◆ TASK REQUIREMENTS
The line with "Viadurini Design Design" marks where to begin; print it and all lines after it in the material below exactly, skipping pictures.

◆ SUPPLIED DATA
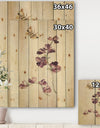 Wild Simple Wallflowers IV - Farmhouse Print on Natural Pine Wood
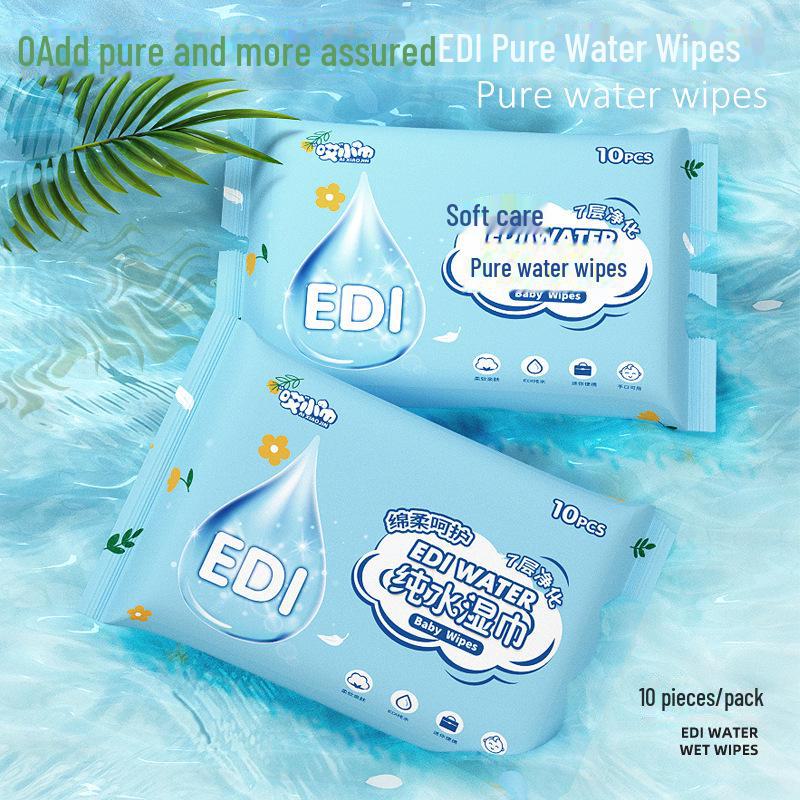 Infant & Child Wet Wipes - Portable for Hand & Mouth, 10-Piece Family Pack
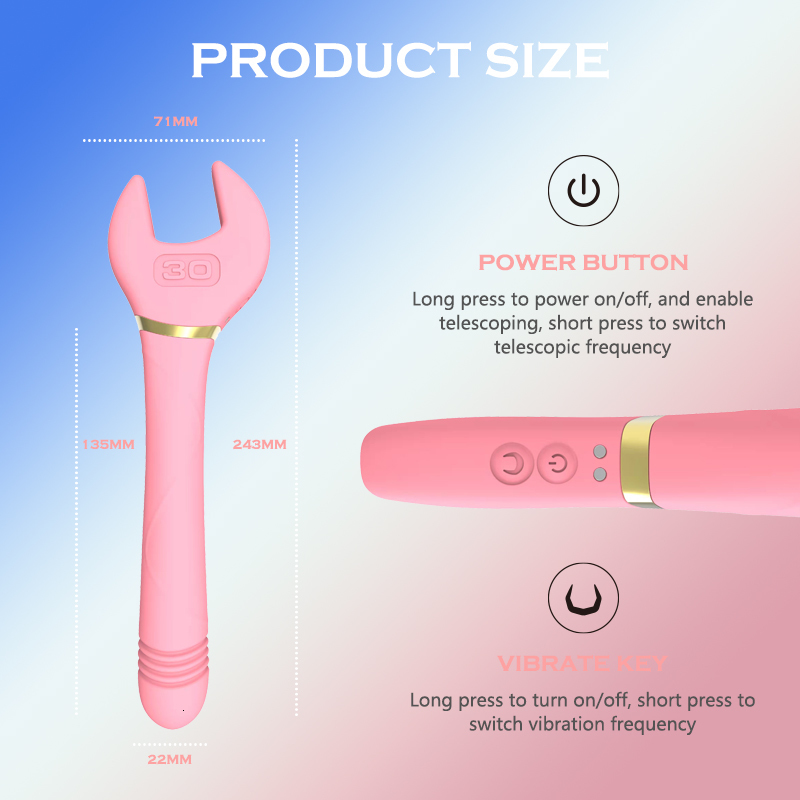 Vibrators LICKLIP Love Wrench Vibrator Automatic Telescopic Dildo Hammer Massage Stick Clitoris Stimulation Masturbator ForFemale Sex Toy 230801 - view 4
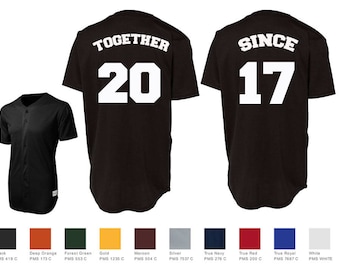 Together Since Custom Baseball Jersey Number Style Couples Jersey Shirts Sport-Tek® PosiCharge™ Tough Mesh Full-Button Baseball Jersey St220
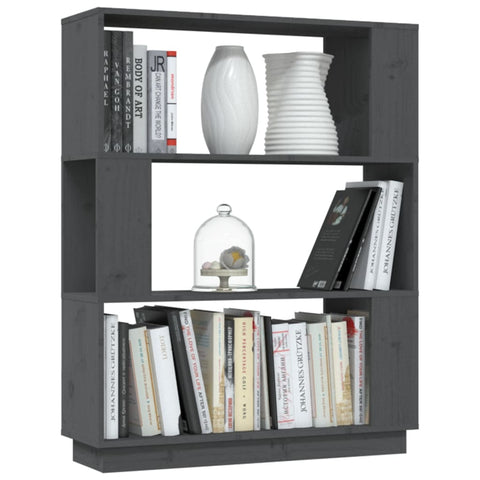 vidaXL Book Cabinet/Room Divider Grey 80x25x101 cm Solid Wood Pine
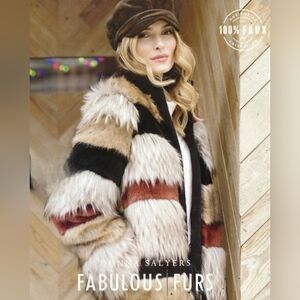 NWT Fabulous Furs Donna Salyers Faux Fur Jacket Size-S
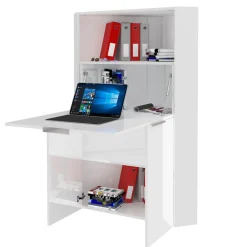 Viadurini Design Design Schreibtische-Weißer moderner Eckschreibtisch im italienischen Design aus poliertem Holz - Ghero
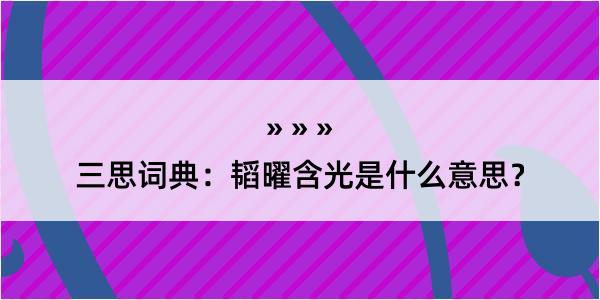 三思词典：韬曜含光是什么意思？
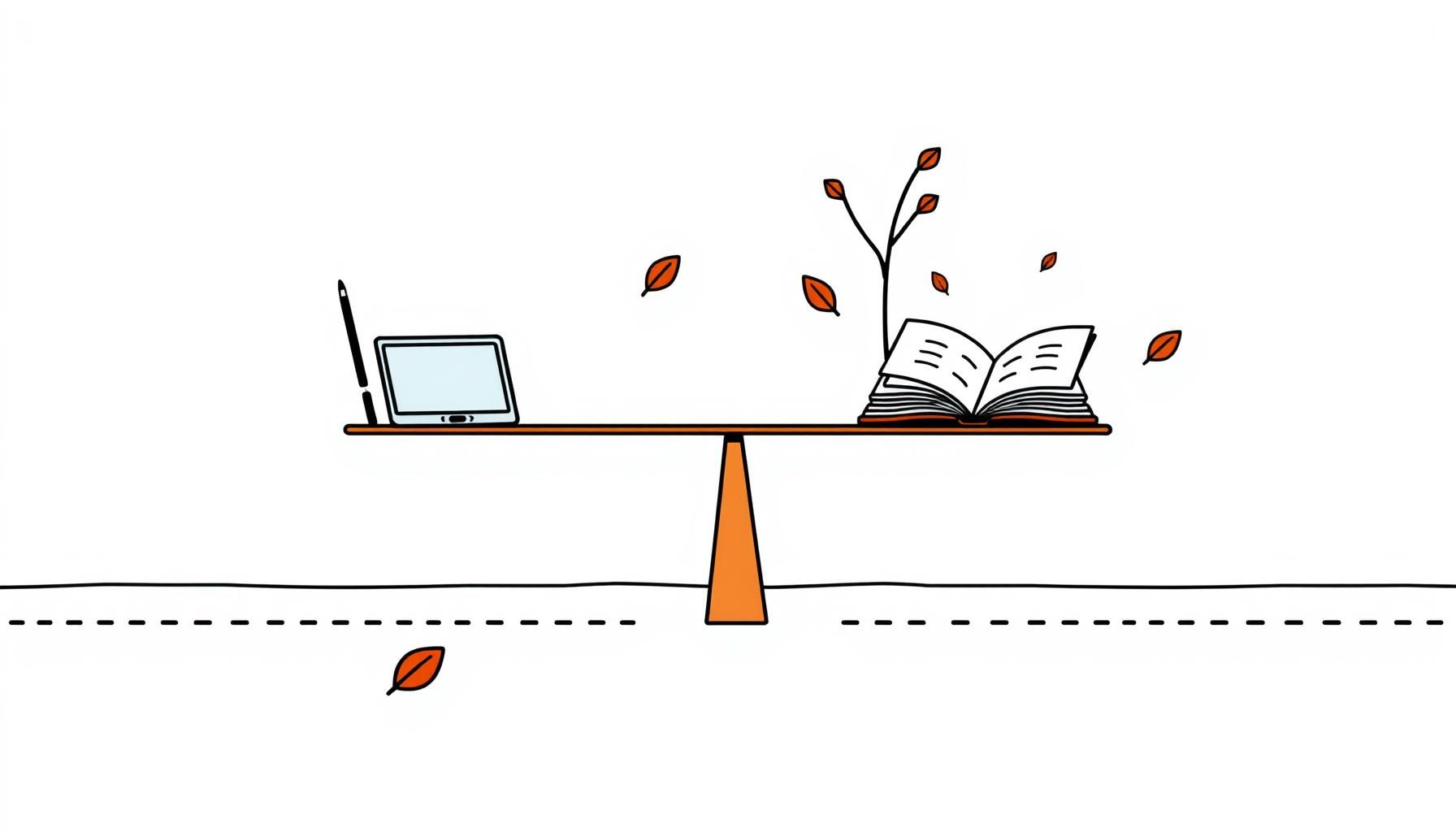 طفل يرسم بينما جهاز لوحي بجانبه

◆ OUTPUT BELOW
 Viadurini Design Design Schreibtische-Weißer moderner Eckschreibtisch im italienischen Design aus poliertem Holz - Ghero
 三思词典：韬曜含光是什么意思？
 طفل يرسم بينما جهاز لوحي بجانبه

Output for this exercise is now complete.